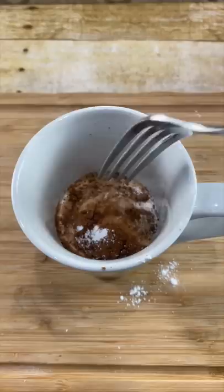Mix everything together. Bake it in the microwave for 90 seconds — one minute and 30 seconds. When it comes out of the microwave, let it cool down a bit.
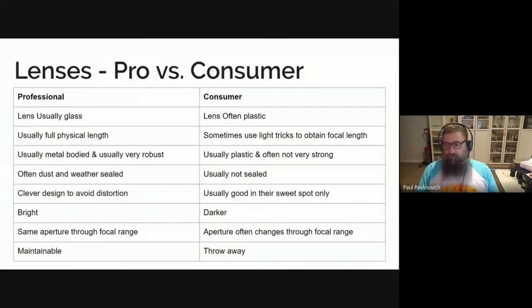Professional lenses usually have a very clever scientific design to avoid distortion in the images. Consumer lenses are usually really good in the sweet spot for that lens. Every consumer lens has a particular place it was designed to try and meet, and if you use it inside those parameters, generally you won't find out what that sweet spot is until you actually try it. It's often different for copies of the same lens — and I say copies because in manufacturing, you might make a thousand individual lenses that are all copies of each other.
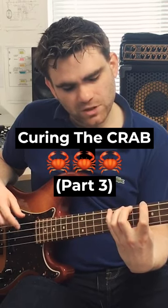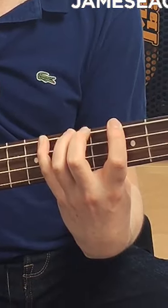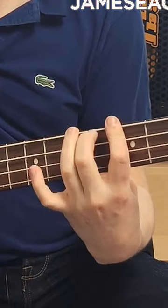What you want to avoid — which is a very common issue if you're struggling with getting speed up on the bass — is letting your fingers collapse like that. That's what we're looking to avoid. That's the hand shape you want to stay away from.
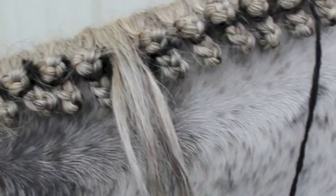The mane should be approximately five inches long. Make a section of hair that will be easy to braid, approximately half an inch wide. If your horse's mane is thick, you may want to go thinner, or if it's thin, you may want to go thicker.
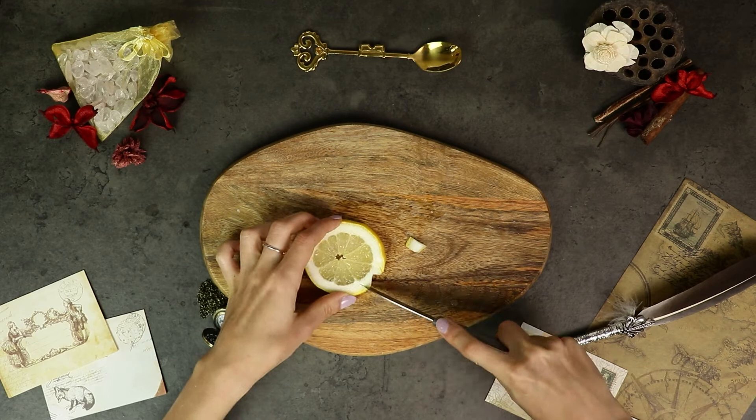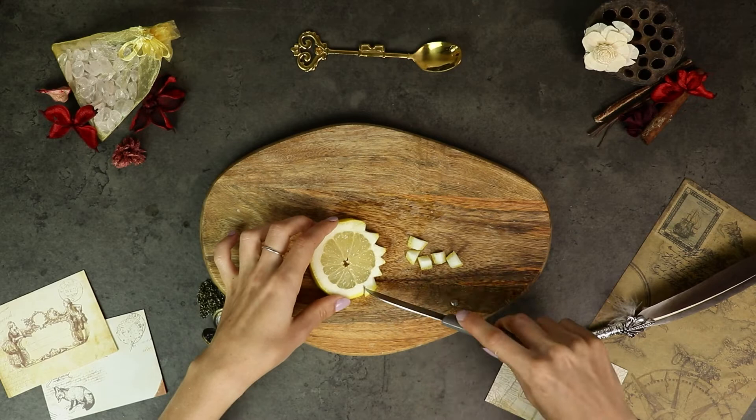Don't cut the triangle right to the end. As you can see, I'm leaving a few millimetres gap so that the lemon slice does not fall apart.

==

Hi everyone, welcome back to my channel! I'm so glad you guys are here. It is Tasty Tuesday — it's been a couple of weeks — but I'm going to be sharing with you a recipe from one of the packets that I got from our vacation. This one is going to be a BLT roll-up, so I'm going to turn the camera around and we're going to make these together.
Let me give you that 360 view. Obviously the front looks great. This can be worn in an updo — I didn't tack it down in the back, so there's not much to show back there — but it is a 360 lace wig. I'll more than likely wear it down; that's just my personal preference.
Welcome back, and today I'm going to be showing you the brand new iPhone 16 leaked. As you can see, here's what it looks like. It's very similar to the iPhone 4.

▶ **PROBLEM**
Tally up how many lines in the preceding listing contain the word "going". Give nothing but the number.

▶ **TASK RESPONSE**
2